Позднее, после «гибели богов», после крушения его идеалов, о которых «Дикая утка», несмотря на свои недостатки, дает объективное представление, Ибсен пытается создать таких героев, которые отвечали бы требованиям Грегерса Верле и все-таки не были бы, хоть отчасти, досягаемы для меткой критики Реллинга. При этом Ибсен впал в ложный аристократизм. Он хотел создать образ человека, далеко превосходящего средний уровень, он искал нового человека, поднявшегося выше старых противоречий, — но он (и это было тесно связано о его неспособностью критически отнестись к проповеди Грегерса и оценить ее историческое место) был вынужден конструировать нового человека из старого материала и только и мог, что искусственно его возвеличить.
Ибсен был слишком честным и мужественным писателем, чтобы не заметить низменных, отталкивающих, притом же и смешных черт своих новых героев — Росмера, Гедды Габлер, Сольнеса и др. Ибсен передает эти черты и тем не менее принуждает себя изображать Росмера и других как больших и трагических людей. Вследствие этого двойственность оценки людей, очевидная уже в с «Дикой утке», непрерывно нарастает. Писатель еще больше и переоценивает и недооценивает своих героев. Это непонятное сожительство друг друга исключающих оценок теснит Ибсена все дальше и дальше, и он создает персонажей, которые ходят на цыпочках, изо всех сил тянутся кверху, чья «трагическая избранность» взвинчивается сверх всякой меры всеми средствами символистской аппаратуры и чье сконструированное и потому никогда не убеждающее величие постоянно подвергается горьким насмешкам со стороны самого автора.

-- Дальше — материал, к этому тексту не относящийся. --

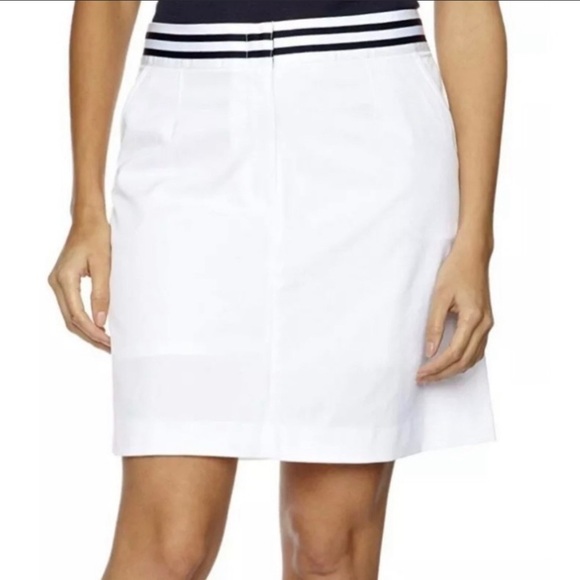 TOMMY Hilfiger Abigail Golf Short Skort Skirt White Stretch Navy Belt Size 2 NEW - Picture 1 of 9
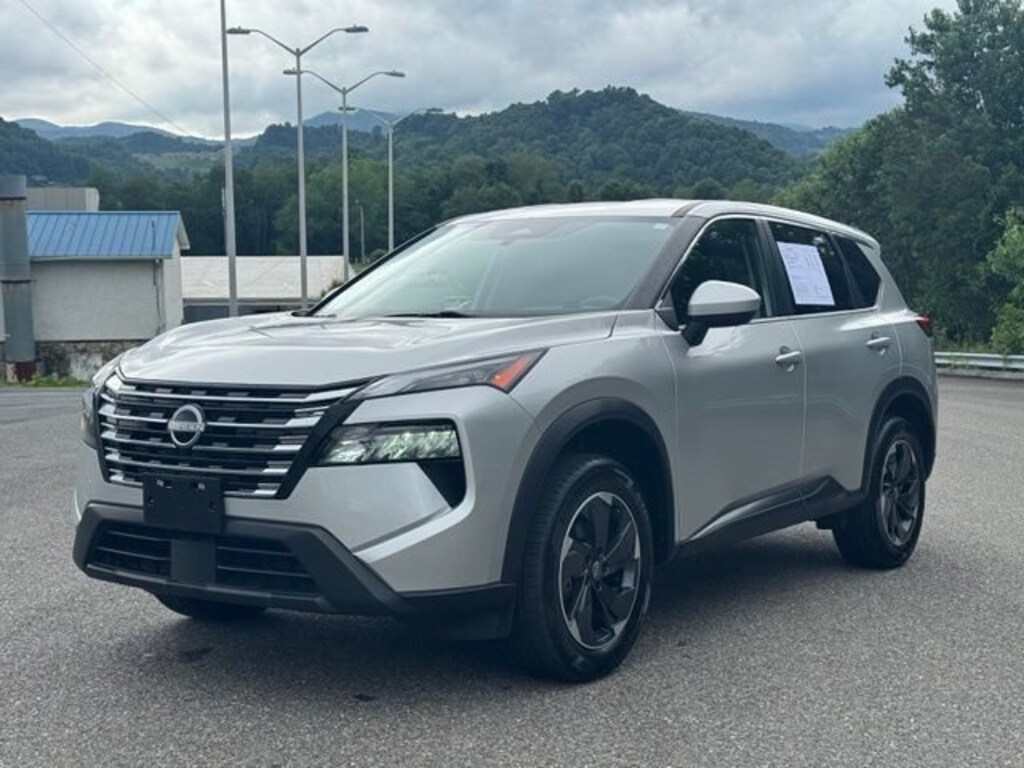 Used 2024 Nissan Rogue SV Intelligent AWD SUV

Не случайно символистские черты появились еще в «Дикой утке». Символизм — это художественный способ по крайней мере внешне соединить несоединимое, затушевать противоречия неразрешимые и непонятные в самой жизни, искаженно воспринятые и еще неправильней воспроизведенные. Как раз произведения таких больших реалистов, как Ибсен, показывают ясней всего. что символизм не был, художественным преодолением противоречий реалистической литературы конца XIX века, но свидетельством, что писатели не могут с этими противоречиями сладить, литература бежала в символизм, она пала до символизма.